Bakers City head Alex Chadwick argues that law firms are increasingly primed to take core tax work off Big Four rivals
As the international tax framework becomes subject to increased scrutiny and legal change, the demand for strategic global advice has never been stronger. In the UK, law firms have traditionally played second fiddle to the Big Four accountants when advising on tax. Today, however, law firms with the right infrastructure are incredibly well positioned to take more of a leading role in the tax affairs of their clients. This is down to a combination of greater regulation of audit services, tougher restrictions on the provision by accounting firms of non-audit services, such as tax, valuation and legal services and deregulation of the legal profession.
Rule changes
When it comes to advising the largest clients, the most significant regulatory constraint comes in the shape of mandatory firm rotation for audit work, which is being introduced in the UK and the EU following a major review led by former EU Commissioner Michel Barnier. This requires EU public interest entities (including EU-listed companies and unlisted credit and insurance institutions) to change their auditor every ten years or so. Audit firms will also be subject to increased restrictions on the provision of non-audit services to EU public interest entities’ audit clients.

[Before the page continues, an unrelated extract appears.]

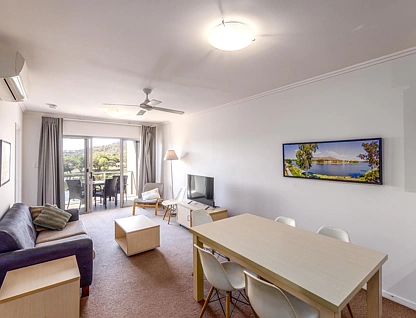127/1A Sporting Drive, Thuringowa Central, Townsville, 2 Bedrooms, 2 Bathrooms, Apartment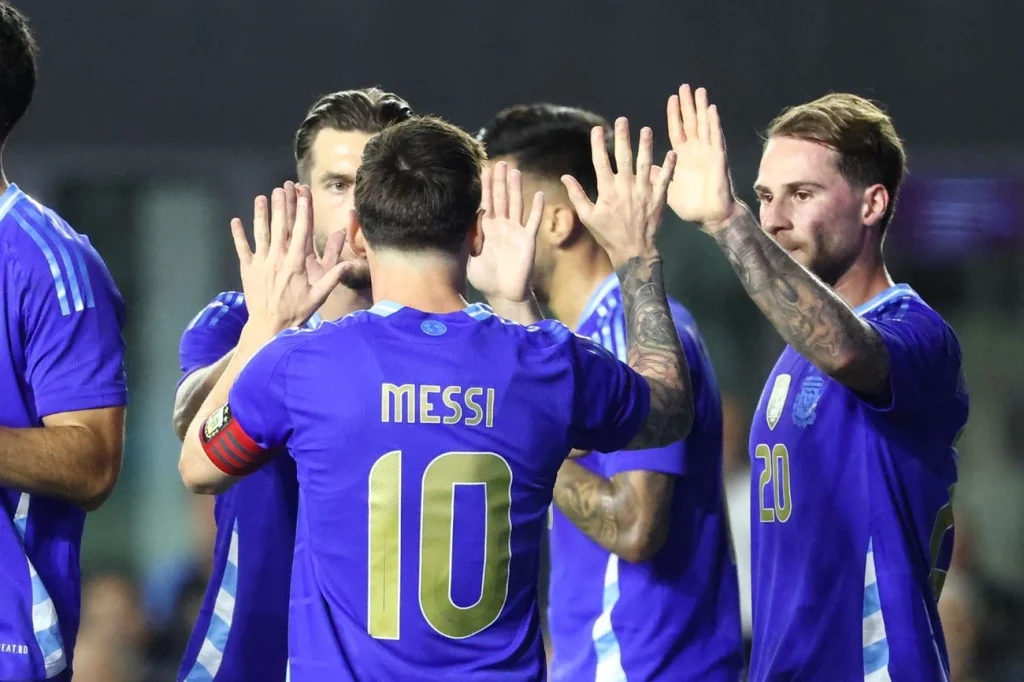 Imprensa argentina divide opiniões sobre grupo na Copa do Mundo; veja Imprensa argentina divide opiniões sobre grupo na Copa do Mundo; veja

These changes will significantly destabilise the relationship many of the large accounting firms have with their clients because if there is an audit rotation, then the tax work will typically have to rotate as well. As the Big Four refocus their relationships to avoid conflicts of interest, there will be more opportunities for other firms to take on the strategic tax work and more of an appetite on the part of clients to look beyond the Big Four for such services. We have already seen this happen, with the mid-tier accountancy firms looking to take advantage of opportunities to grow their share of the audit and wider professional services market. Law firms can also benefit, thanks in part to loosening regulations affecting legal services and an increased readiness of clients to seek different providers and different approaches to their tax planning.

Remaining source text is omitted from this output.